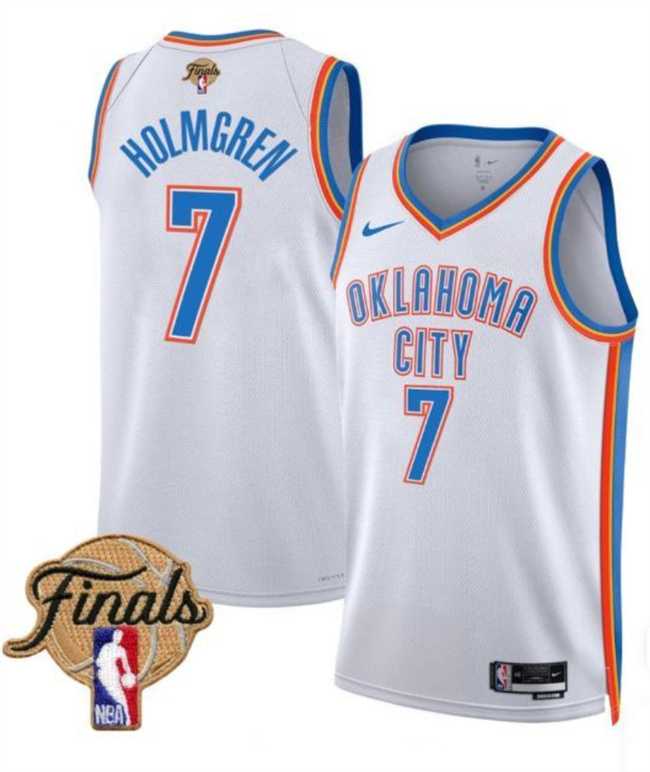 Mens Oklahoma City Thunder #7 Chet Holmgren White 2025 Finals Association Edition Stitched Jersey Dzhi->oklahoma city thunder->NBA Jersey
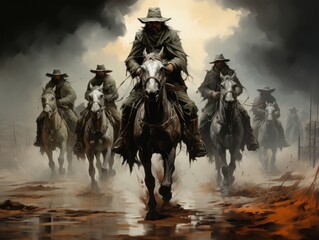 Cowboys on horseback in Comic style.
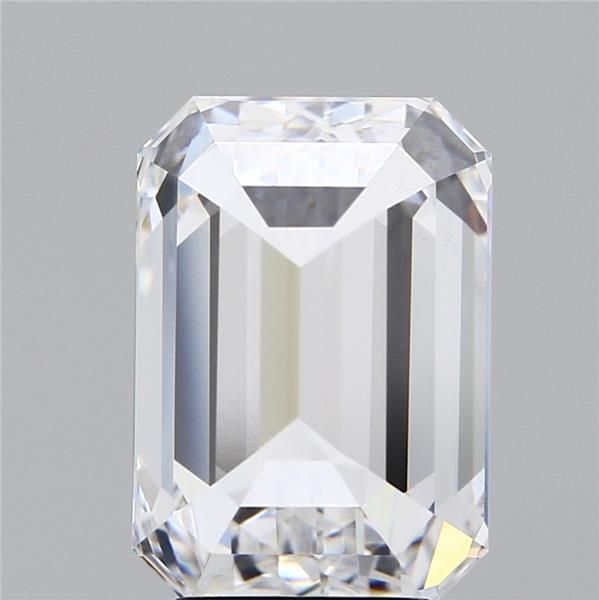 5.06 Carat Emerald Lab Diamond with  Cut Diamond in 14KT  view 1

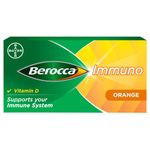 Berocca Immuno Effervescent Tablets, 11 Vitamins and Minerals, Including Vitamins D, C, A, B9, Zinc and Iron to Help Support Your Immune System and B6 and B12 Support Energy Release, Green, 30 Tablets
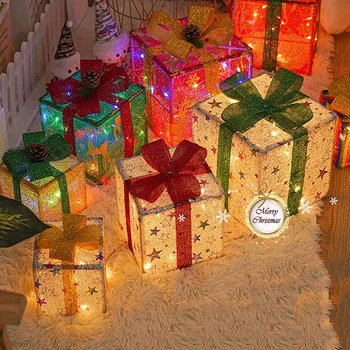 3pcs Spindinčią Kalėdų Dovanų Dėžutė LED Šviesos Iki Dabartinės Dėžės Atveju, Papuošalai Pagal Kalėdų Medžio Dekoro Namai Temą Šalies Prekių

_____

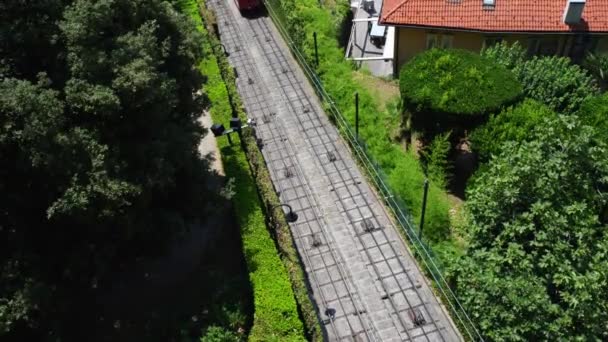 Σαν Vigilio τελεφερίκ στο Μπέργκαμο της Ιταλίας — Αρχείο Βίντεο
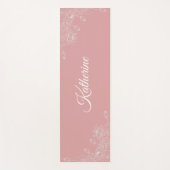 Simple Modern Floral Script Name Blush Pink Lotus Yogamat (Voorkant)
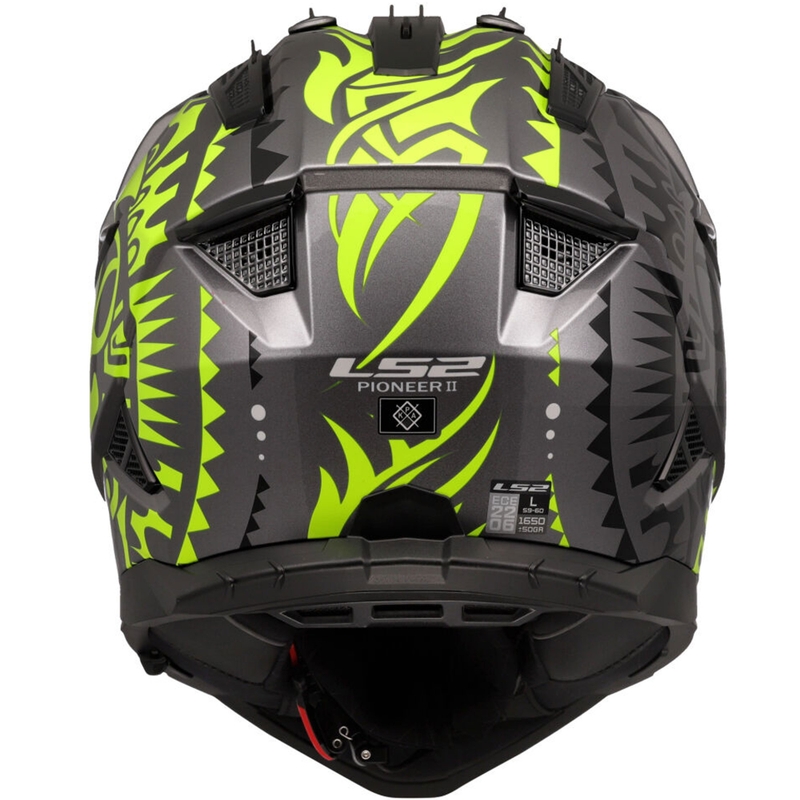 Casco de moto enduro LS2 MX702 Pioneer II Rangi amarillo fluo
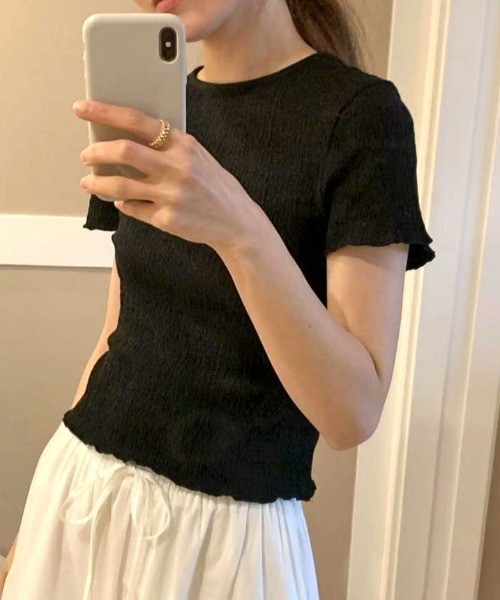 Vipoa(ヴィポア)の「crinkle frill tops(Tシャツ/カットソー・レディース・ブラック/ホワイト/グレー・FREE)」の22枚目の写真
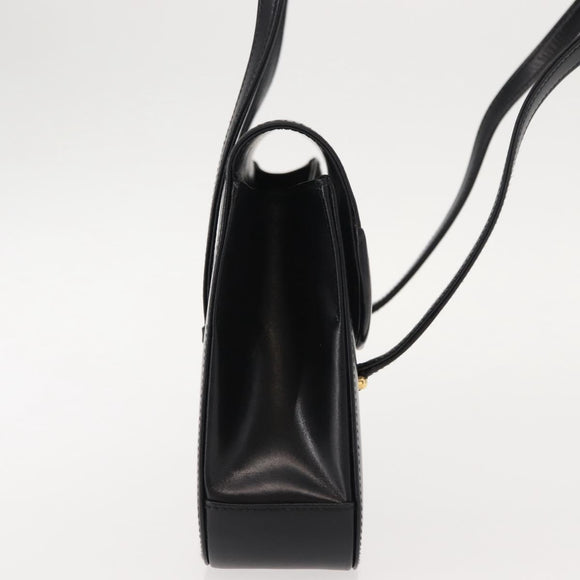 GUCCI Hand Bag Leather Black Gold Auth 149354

_____

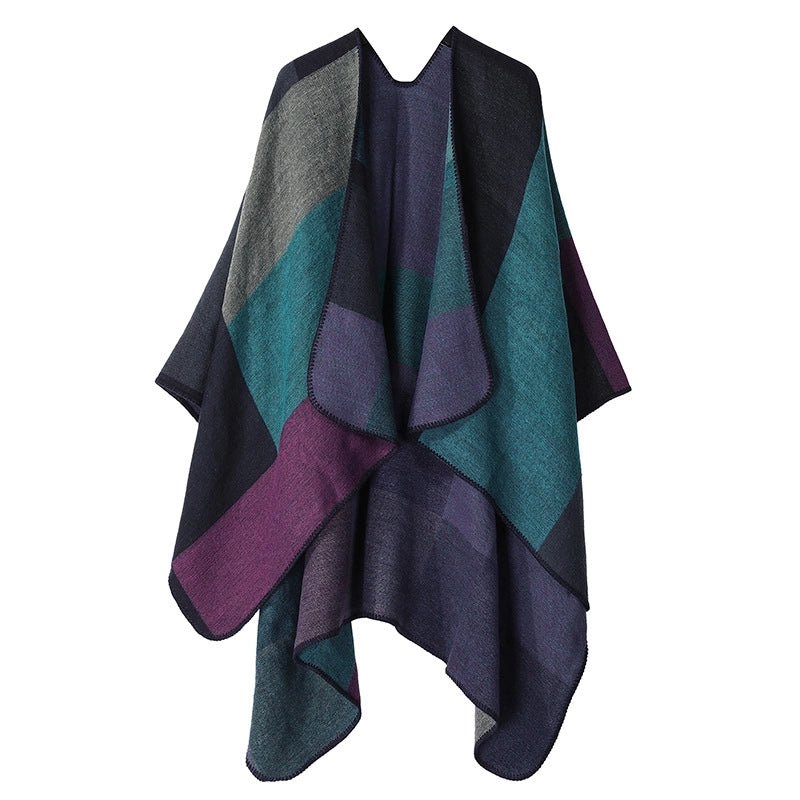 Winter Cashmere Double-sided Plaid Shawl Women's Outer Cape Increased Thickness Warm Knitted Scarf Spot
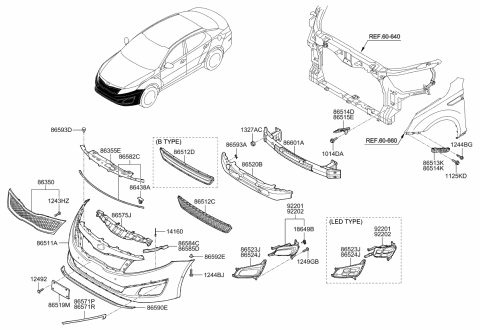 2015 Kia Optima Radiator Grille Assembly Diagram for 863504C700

_____

▸ **ACTIVITY**:
Return exactly the lines of the material above, starting at the line containing "5.06 Carat Emerald" and finishing at the line containing "3pcs Spindinčią Kalėdų", without any pictures.

▸ **SOLUTION TO THIS EXERCISE**:
 5.06 Carat Emerald Lab Diamond with  Cut Diamond in 14KT  view 1

 Berocca Immuno Effervescent Tablets, 11 Vitamins and Minerals, Including Vitamins D, C, A, B9, Zinc and Iron to Help Support Your Immune System and B6 and B12 Support Energy Release, Green, 30 Tablets
 3pcs Spindinčią Kalėdų Dovanų Dėžutė LED Šviesos Iki Dabartinės Dėžės Atveju, Papuošalai Pagal Kalėdų Medžio Dekoro Namai Temą Šalies Prekių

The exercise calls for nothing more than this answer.